Ein Gutes hat das Ganze doch, denn in unserem Hotel gibt es Wifi. So schlägt sich Hardy die Nacht um die Ohren, als er voller Begeisterung live die Landung der Marssonde Curiosity mitverfolgt. Eine neue Leidenschaft ist geboren. Von nun an wird er nicht nur seine Emails, sondern auch die neuesten Erkenntnisse auf dem roten Planeten, mit Spannung verfolgen.
Von Granada nach San Carlos
„Jetzt fahr’n wir übern See, übern See, jetzt fahr’n wir übern See…“
Zurück in Granada wuchten wir die Räder sowie das ganze Restgepäck an Bord der Fähre, die uns in 12-stündiger Fahrt über den Lago de Nicaragua an dessen südöstliches Ende nach San Carlos schippern wird. Es ist recht voll an Bord. Wir blockieren mit unserem Gepäckberg dreist eine ganze Bank für uns. Andere Urlauber pflanzen sich draußen auf Liegestühle, die sie später jedoch bezahlen müssen. Ein Zwischenstopp wird auf der Insel Ometepe eingelegt. Es wird ruhiger. In Schlafsäcken gehüllt, denn die Klimaanlage ist tückisch, breiten wir uns aus und haben jeder eine Bank für uns. Es ist nicht ganz so schlimm und anstrengend wie erwartet, die Bänke haben sogar Polster. Wir werden vom Wackeln der Wellen und des gleichmäßigen Dröhnen des Motors in einen unruhigen Schlaf gewogen.
San Carlos und El Castillo
Morgens um sechs stehen wir dann noch recht müde mit unserem Gepäckberg am Pier in San Carlos. San Carlos ist heiß und erdrückend. Aufgrund der Frühe ist es ein zeitaufwendiges Unterfangen ein freies Hotelzimmer zu finden. Wir stellen die Bikes hinein und gehen zurück zum Pier. Vom Bootsfahren haben wir noch nicht genug.
So steigen wir diesmal in eine kleinere Variante und fahren den Río San Juan ein paar Stunden hinunter. Der schlängelt sich kurvenreich dahin, bis er irgendwann bei Greytown ins karibische Meer mündet.

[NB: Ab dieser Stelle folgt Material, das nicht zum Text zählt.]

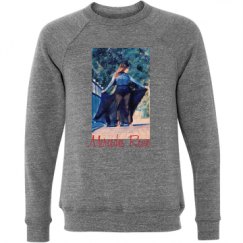 Unisex Triblend Crewneck Sweatshirt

Ganz so weit wagen wir uns nicht vor und steigen im kleinen Ort El Castillo aus. Eine Vielfalt von Vögeln und auch Krokodile locken, laut unserem vielversprechenden Reiseführer. Nun ja, wie das nun mal immer so ist mit Reiselektüre, die in den buntesten Tönen die Welt beschreibt – außer ein paar Vögeln sehen wir nichts, die größeren Tiere befinden sich weiter unterhalb, und auch das beeindruckende, alte Fort in El Castillo haben wir in 20 Minuten angesehen. El Castillo, einst gebaut, um an strategisch günstiger Position an Stromschnellen des Flusses den Piraten Einhalt zu gebieten, ist nun ein ruhiger, verschlafener Ort geworden.
Wir treten den Rückweg nach San Carlos an und haben eigentlich die Schnauze voll vom Bootfahren.
Morgen, morgen steht wirklich die letzte Etappe dieser schaukelnden Gefährte an, denn um Costa Rica zu erreichen, müssen wir per lancha den Río Frío, den Kalten Fluss, entlang schippern. In Los Chiles werden wir dann bei den Ticos einreisen.
Nicaragua haben wir als ein angenehmes Reiseland erlebt. Wobei die drückende Hitze sehr gewöhnungsbedürftig ist. Insbesondere in Granada liegen Reich und Arm sehr nah beieinander. Viele Menschen haben wir auf der Straße leben sehen, nach Geld wurden wir des öfteren gefragt. Eine Armut, die uns zum Nachdenken bewegt hat.
Ganz klar muss ich jedoch sagen, dass wir in Nicaragua keine Situation erlebt haben, die ich als deutlich unangenehm beschreiben würde.